Hacker News new | ask | show | jobs
A Case for Properties: Programming Language Design (blog.willbanders.dev)
39 points by WillBAnders 2047 days ago
10 comments

> More modern languages, like C# and Kotlin, use properties for this instead which can do that automatically.

It's not about being "modern" but about differing opinions on language design. The subject of adding properties to Java has come up numerous times over the past twenty years, and even though we're adding quite a few new features -- most recently, algebraic data types -- properties are not added because we just don't want them. Their "bang for the buck" is low, their potential for abuse is high, and adding them to an established language is even less appealing, as it creates a clear old/new code divide. Most of all, it's unclear whether the style of programming that relies on mutating individual fields is something that should be encouraged in the first place.

Another controversial feature that C# and Kotlin have but we don't want to add to Java is extension methods. It's perfectly reasonable for different languages to reach different conclusions regarding certain features, with some biased more toward happily adding features while others are more conservative, and it's perfectly reasonable for different programmers to have different preferences. The important thing is that features are carefully considered by language designers before being added, and that the language's "feel", philosophy and context is taken into account.

> Their "bang for the buck" is low, their potential for abuse is high, and adding them to an established language is even less appealing, as it creates a clear old/new code divide.

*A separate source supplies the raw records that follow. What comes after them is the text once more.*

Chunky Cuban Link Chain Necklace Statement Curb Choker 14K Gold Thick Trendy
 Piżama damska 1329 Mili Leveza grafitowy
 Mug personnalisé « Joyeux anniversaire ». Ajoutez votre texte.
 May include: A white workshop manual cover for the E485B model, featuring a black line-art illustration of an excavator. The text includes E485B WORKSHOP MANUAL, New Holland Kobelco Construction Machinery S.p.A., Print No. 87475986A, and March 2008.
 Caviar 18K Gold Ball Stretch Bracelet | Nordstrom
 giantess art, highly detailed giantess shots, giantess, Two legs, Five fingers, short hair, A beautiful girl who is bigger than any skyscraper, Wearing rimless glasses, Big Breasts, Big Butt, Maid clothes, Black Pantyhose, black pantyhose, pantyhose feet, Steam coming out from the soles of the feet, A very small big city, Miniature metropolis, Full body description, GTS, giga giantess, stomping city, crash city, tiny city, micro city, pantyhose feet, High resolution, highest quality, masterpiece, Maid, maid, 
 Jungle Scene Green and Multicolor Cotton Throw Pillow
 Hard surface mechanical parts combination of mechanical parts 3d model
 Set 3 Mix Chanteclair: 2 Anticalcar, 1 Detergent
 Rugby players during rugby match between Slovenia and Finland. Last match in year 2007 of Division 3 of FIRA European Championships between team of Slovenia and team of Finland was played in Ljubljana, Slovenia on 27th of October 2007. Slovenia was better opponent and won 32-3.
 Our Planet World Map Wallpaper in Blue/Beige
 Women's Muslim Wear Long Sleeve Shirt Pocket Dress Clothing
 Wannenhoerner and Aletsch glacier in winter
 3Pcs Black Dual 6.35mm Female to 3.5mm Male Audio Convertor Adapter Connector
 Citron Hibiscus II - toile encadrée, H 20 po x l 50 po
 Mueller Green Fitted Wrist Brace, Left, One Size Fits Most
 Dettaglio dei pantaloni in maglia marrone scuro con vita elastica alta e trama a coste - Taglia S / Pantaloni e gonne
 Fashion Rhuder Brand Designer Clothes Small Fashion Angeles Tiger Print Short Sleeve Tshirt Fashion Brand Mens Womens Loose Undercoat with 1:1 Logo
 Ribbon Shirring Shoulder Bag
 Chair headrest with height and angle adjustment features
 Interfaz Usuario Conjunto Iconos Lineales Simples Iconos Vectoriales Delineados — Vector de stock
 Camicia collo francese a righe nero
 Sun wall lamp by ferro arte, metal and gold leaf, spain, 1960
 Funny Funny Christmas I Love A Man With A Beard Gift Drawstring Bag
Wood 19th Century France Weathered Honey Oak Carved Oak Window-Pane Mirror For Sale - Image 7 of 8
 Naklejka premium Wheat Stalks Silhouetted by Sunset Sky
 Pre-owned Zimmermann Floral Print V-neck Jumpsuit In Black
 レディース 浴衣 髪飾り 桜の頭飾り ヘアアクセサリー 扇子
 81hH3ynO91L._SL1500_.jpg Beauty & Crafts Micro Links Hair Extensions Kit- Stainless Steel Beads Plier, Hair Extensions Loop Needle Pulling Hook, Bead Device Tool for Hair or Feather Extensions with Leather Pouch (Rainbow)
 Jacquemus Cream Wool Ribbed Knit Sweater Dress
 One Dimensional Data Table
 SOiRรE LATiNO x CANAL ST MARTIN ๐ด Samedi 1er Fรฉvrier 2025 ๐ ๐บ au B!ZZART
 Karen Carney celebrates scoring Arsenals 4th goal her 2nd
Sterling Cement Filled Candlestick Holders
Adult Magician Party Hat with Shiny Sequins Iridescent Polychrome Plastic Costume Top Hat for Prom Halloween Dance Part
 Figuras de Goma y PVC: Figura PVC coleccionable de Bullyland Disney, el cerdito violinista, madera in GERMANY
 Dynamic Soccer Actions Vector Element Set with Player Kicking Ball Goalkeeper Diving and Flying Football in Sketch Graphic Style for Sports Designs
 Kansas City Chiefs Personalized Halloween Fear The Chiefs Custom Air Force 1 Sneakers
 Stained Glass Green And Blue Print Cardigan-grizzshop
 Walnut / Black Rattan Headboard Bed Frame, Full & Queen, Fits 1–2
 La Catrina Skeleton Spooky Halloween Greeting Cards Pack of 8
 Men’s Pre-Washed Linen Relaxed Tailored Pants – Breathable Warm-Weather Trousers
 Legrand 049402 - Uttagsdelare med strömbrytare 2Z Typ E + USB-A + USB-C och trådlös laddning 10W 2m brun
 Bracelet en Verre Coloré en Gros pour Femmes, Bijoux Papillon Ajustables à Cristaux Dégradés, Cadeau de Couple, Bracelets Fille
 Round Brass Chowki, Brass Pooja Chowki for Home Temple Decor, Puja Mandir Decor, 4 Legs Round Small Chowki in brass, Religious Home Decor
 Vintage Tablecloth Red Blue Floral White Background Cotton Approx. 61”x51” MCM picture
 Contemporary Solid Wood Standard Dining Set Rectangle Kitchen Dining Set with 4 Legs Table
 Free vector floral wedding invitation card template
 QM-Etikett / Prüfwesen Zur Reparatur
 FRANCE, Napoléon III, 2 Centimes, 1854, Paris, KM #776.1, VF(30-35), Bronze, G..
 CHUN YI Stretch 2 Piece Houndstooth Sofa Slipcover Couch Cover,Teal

I'm not a Java programmer, but I agree wholeheartedly WRT addin a feature like this to an existing language with wide use. There's a world of difference between adding a feature that's obviously different than what came before and looks obviously different than adding one that changes functionality but looks identical to prior usage. If people learn a language and during that it's made clear that assignments can have arbitrary side effects, they'll expect that. If they learned the language and that wasn't possible, introducing it at some point is going to mean a lot of programmers have ways of thinking about how control flow works and what happens when you make assignments that is subtly (or greatly) wrong, but only sometimes.

As a programmers, what that can feel like is that the language is actively sabotaging your understanding of it. It's not fun.

I like your way of politely explaining „thanks, but no, thanks“ and totally agree with it. Properties are usually useful in cases where small immutable record would also be fine. With general purpose property interface of a complex business model it is too easy to make mistakes even for an experienced engineer. Validation or computations in constructor or business method would be more natural and flexible.
I rather like extension methods. I was not aware there was any controversy around them.

Edit

This wikipedia article suggests Java has extension methods, or maybe something functionally equivalent (I'm not a Java programmer): https://en.m.wikipedia.org/wiki/Extension_method

> I was not aware there was any controversy around them.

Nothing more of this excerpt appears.